Market cap, short for market capitalization, is the total value of a company’s shares of stock. Essentially, it reflects the market’s perception of a company’s worth and is used to classify companies into categories like large-cap, mid-cap, and small-cap.
Market cap helps investors understand the size and stability of a company, with larger companies often seen as more stable, while smaller ones may have higher growth potential but come with more risk.
The investing community often uses market capitalization value to rank companies and compare their relative sizes in a particular industry or sector.
How to Calculate Market Cap
To calculate market cap (market capitalization), you multiply the current share price of a company’s stock by the total number of outstanding shares.
Market Cap = Current Share Price * Total Number of Shares Outstanding
Here’s the process in simple steps:
Find the current share price: This is the price of one share of the company’s stock, which can be found on stock market platforms or financial websites.
Determine the total number of outstanding shares: This is the number of shares the company has issued and is held by all shareholders, including the public and institutional investors.
Multiply them together: Multiply the share price by the total number of shares.
For example, if a company has 1 million outstanding shares and each is priced at $50, its market cap is $50 million.
Market Capitalization Categories
- Large Cap – Companies with a market cap above $10 billion(>Rs.8000 Cr.) are classified as large-cap stocks. Some examples would be Microsoft, IBM, Apple, etc.

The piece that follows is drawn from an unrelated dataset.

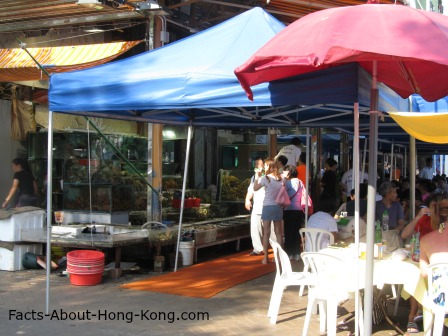 People enjoy the Hong Kong seafood outdoor.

- Mid-Cap – Companies whose market cap ranges from $1 billion to $10 billion(Rs 800-8000 Cr.) Mid-cap stocks, in general, are more volatile than large-cap stocks and consist more of growth-oriented stocks.

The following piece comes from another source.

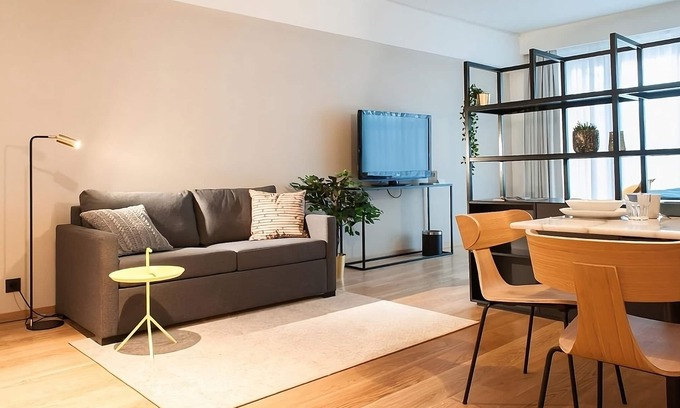 Jewish Quarter House | Explore Downtown Antwerp! 4 Large Units w/Kitchen! Covered Parking, Bike Rental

- Small Cap – Companies with a market capitalization between $250 million to $1 billion(Rs. 25-800 Cr.) They are high-risk and high-return stocks, as the companies are in the growth stage. A large number of companies belong to the small-cap category.
- Micro Cap – They are the penny stocks that are relatively young. The micro-cap companies’ potential for growth and decline are of a similar nature. They are not considered to be the safest investment. Hence, they require lots of research before investment.
What Does a High Market Cap Tell You?
A high market cap signifies that the company has a larger presence in the market. Larger companies may have less growth potential than start-up firms, but established companies may be able to secure financing cheaper, have a more consistent stream of revenue, and capitalize on brand recognition.
Market Cap Variant: Free-float Market Cap
The number of outstanding shares which are meant for trading by the public is called float. Free-float method of evaluating market capitalization uses this float, though it excludes the shares that are owned by company executives.
The major difference between the conventional Market Cap and free-float method of calculation is that the former takes the total value of stocks while the latter excludes locked-in stocks.
Key Takeaways
The key takeawys about market capitalization (market cap) is that it provides a straightforward way to assess the size and value of a company in the stock market. It serves as a benchmark for comparing companies within and across industries. Market cap is also a key factor in investment decisions, helping to classify companies as large-cap, mid-cap, or small-cap, each with its own risk and growth potential.
However, market cap alone doesn’t fully reflect a company’s financial health or prospects. It doesn’t account for factors like debt, earnings, or assets, so investors should consider other metrics alongside market cap when evaluating investments.